La mostra tenuta alla Triennale si distacca - secondo me - dalle precedenti che ho visto. Non conosco bene l'aspetto "speculativo" che guida queste mostre (e che sicuramente è in agguato dietro ad ogni celebrazione) ma devo dire che per la prima volta ho avuto una diversa impressione. Sarà stata la soggezione del posto, luogo non trasgressivo o amatoriale bensì in qualche modo "ufficiale";  forse l'idea che ad undici anni di distanza alcuni tratti (la firma "APaz" per esempio) sono diventati veri e propri simboli di una certa cultura o forse ancora il distacco con cui oggi si riesce a guardare alle sue opere di satira, ricche di personaggi che oramai stanno uscendo dall'attualità (Karol Woityla è sempre papa e Craxi è ancora sulle pagine dei giornali ma che voglia avremmo tutti di vedere il Paz commentare a modo suo le figure di oggi?).

Accanto alla parete di ingresso su cui - come tanti foglietti volanti - sono raccolti alcuni schizzi (a dire che ci troviamo innanzitutto di fronte ad uno che disegnava d'istinto, per soddisfare una voglia, un bisogno urgente) il visitatore è messo subito di fronte ad alcune impressionanti tavole a colori (tra cui Pompeo, Donna sullo Squalo, Betta con Leopardo).
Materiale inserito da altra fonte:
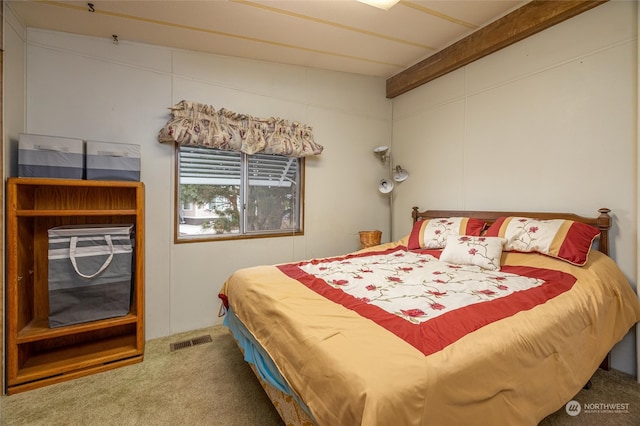 bedroom featuring beamed ceiling and carpet floors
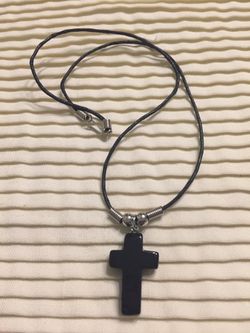Cross Pendant on Black Cord new. (119)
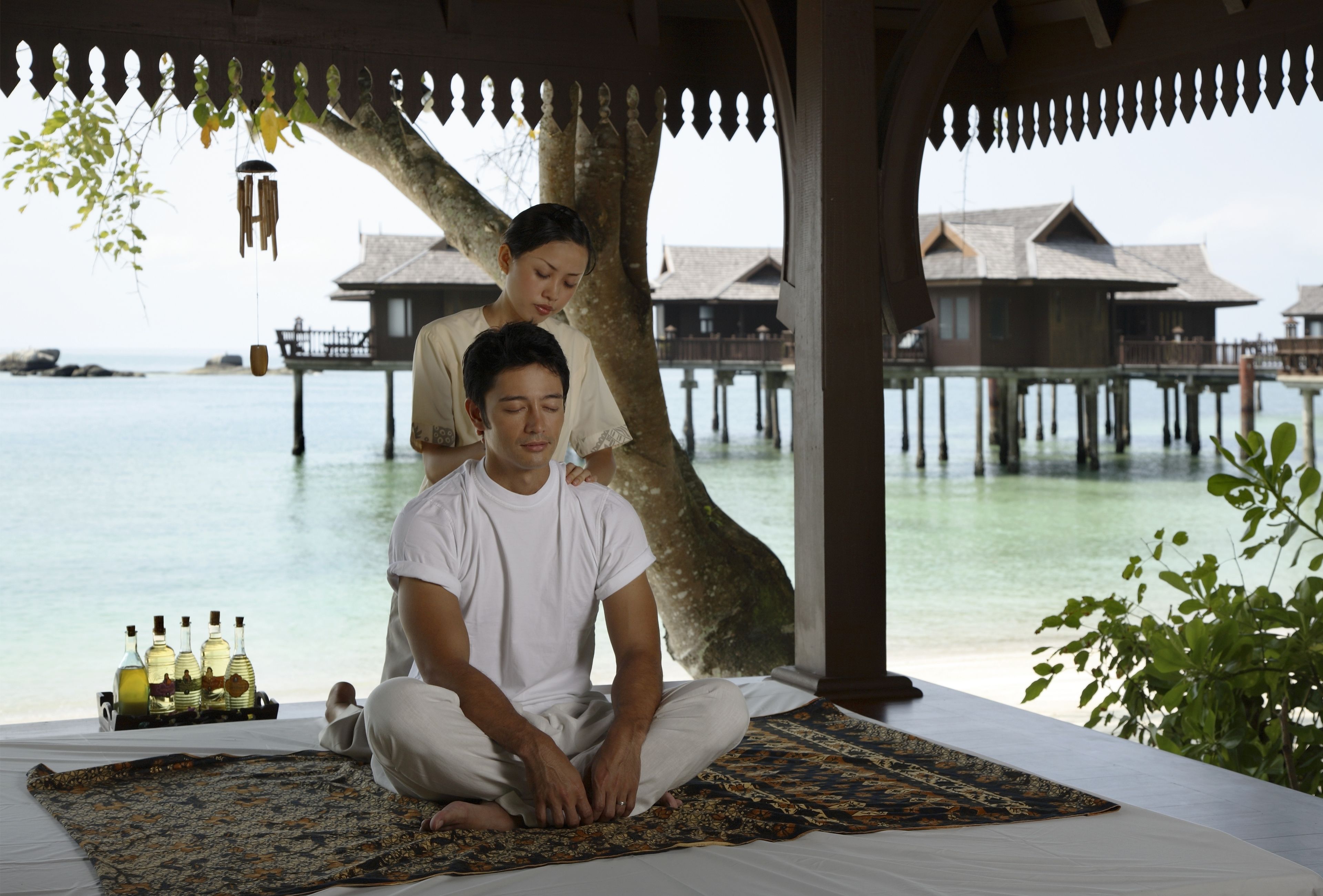 A man and a woman sitting on a bed under a tree, with a view of overwater bungalows and the sea.
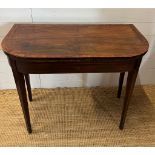 A mahogany folding card table with string inlay and tapering legs (H76cm W94cm D46cm)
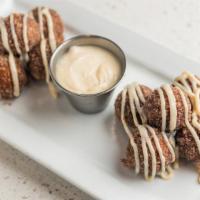 Fresh Fried Donut Holes · Warm donut holes, coated in sugar, and cinnamon with home-made skrewball peanut butter whisk...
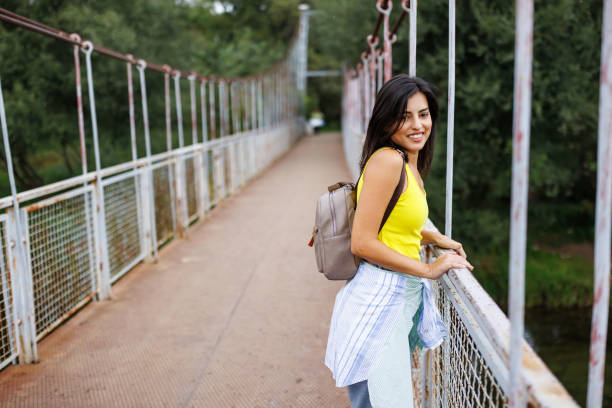 Free Stock Photo of Woman Standing on Bridge With Trees in Background ...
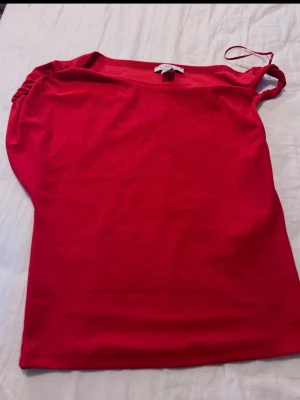 Röd oneshoulder topp med rynk - Snygg röd oneshoulder topp med rynkdetalj på axeln. Toppen är ärmlös och har en tight passform som framhäver figuren. Perfekt för dig som vill sticka ut med en enkel men trendig look.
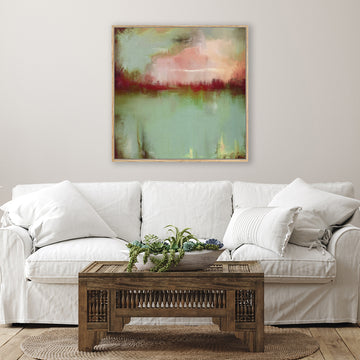 Abstract canvas art print of a sage green lake and crimson sunset, displayed above a white linen couch in a country-style living room.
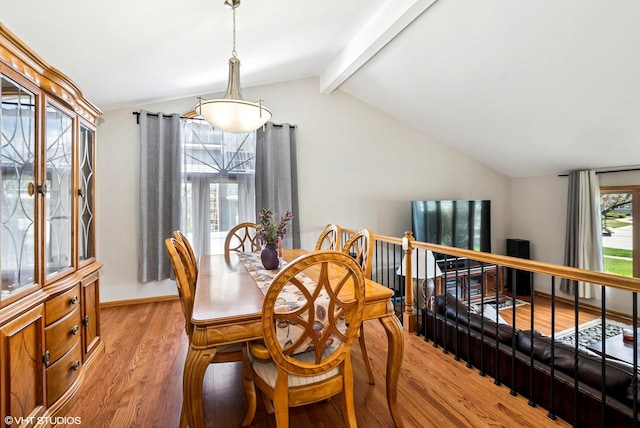 681 Vanderbilt Dr, New Lenox, IL 60451 - dining room featuring lofted ceiling with beams and light wood-type flooring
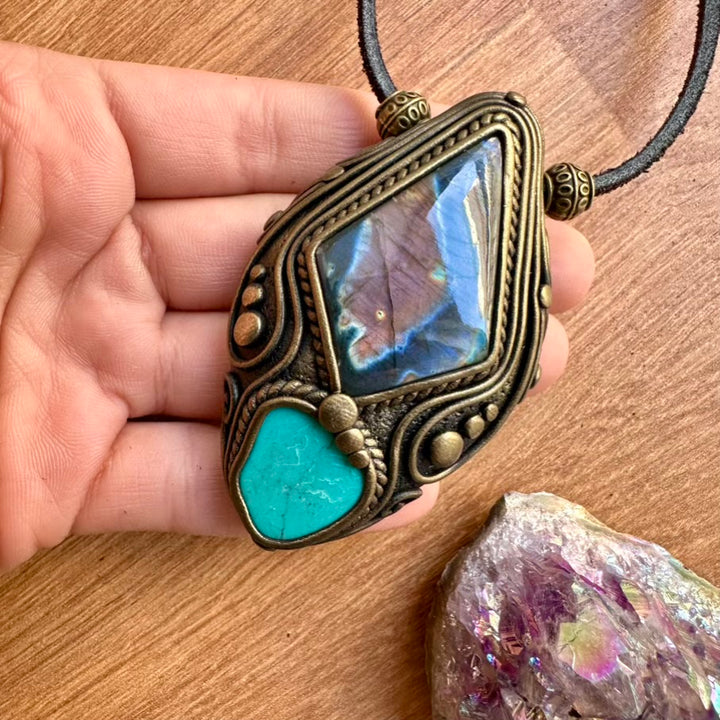 Decorative pendant with turquoise stone and labradorite held by a hand on a wooden surface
Poi - girato l'angolo - un pannello con alcuni disegni di Paz bambino che illustra la fiaba di Pinocchio. Ad una prima occhiata niente di particolare: "Andrea Pazienza, 1959" recita la didascalìa. Eppure basta fare mente locale per un attimo e pensare che sono disegni di un bambino di tre anni e mezzo per restare a bocca aperta.

La mostra raccoglie tantissime opere, alcune inedite. Tutti i suoi personaggi, gli acquarelli del padre, i frammenti di un enorme pannello disegnato per una manifestazione poi subito distrutto ed infine due video. Le già citate riprese del disegno sul muro (qualità pessima, esisterà un originale in buono stato, vero?!) ed un illuminante collage di interviste da cui traspare un Paz incredibilmente vicino che spiega - incontenibile - che "io mangio tutti i giorni ma gli editori mi pagano dopo mesi" (come non ricordare la sua frase "Ho sempre pensato ai soldi subito prima e subito dopo aver disegnato qualcosa, mai durante"?), che si sistema sulla sedia, incapace di stare fermo di fronte ad un attonito intervistatore e che - alla richiesta di disegnare quello che voleva - rappresenta un emozionante Zanardi che guarda terrorizzato qualcosa di terribile oltre il foglio, attorniato da mostri feroci.

E chi di noi non avrebbe voluto farlo, se ne fosse stato capace?